Bloomberg on why farmers can’t work in information technology
MB: “I can teach anyone how to be a farmer 1 dig a hole 2 put a seed in 3 put dirt on top 4 add water 5 up comes the corn”
— Pete (@PeterMentes) February 15, 2020
Billionaire Michael Bloomberg had a decidedly condescending take on farming at an Oxford University business school talk in 2016.
At one point the nanny state mayor-turned-Democratic presidential contender contrasted the amount of “gray matter” needed to succeed in today’s information economy versus the agrarian society of yesteryear.
“It’s a process,” he went on to say, referring to the agrarian economy 300 years ago, “you dig a hole, you put a seed in, you put dirt on to, add water, up comes the corn.” He then said working in the modern information economy is “fundamentally different, because it’s built around replacing people with technology and the skill sets you need to learn are how to think and analyze and that is a whole degree level different, you need to have different skill set, you have to have a lot more gray matter.” [emphasis added]
Despite Bloomberg’s attempts to couch his comments as being about farming’s past, his clumsy explanation and dismissive tone outraged critics from both the left and the right, who pointed out that modern agriculture is also, in fact, a very demanding, high-tech job that requires intelligence and critical thinking skills to be successful.
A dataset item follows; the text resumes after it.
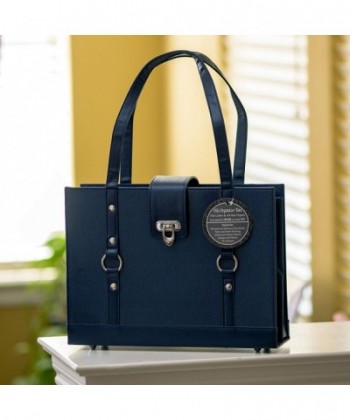 Cheap Designer Women Bags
Here is a sampling of the near-universal condemnation he received online.
Fun fact: The first home computer I ever saw was an IMSAI, back in 1978. My Uncle Les used it to help manage his (wait for it) farm. https://t.co/FDY7o0GKxX
— Kevin Creighton (@ExurbanKevin) February 17, 2020
Bloomberg wouldn’t last 3 seconds as a farmer… but like his comments on minorities, you can tell he really hates regular hardworking Americans.
He will never fight for them because he couldn’t care less about them. https://t.co/03CmskF5Vn
— Donald Trump Jr. (@DonaldJTrumpJr) February 17, 2020
Farm tractors and combines pack far more tech than a Bloomberg Terminal. They are mobile data centers.
America’s farmers are now experts in agronomy, tech, data analytics, & other advanced skills.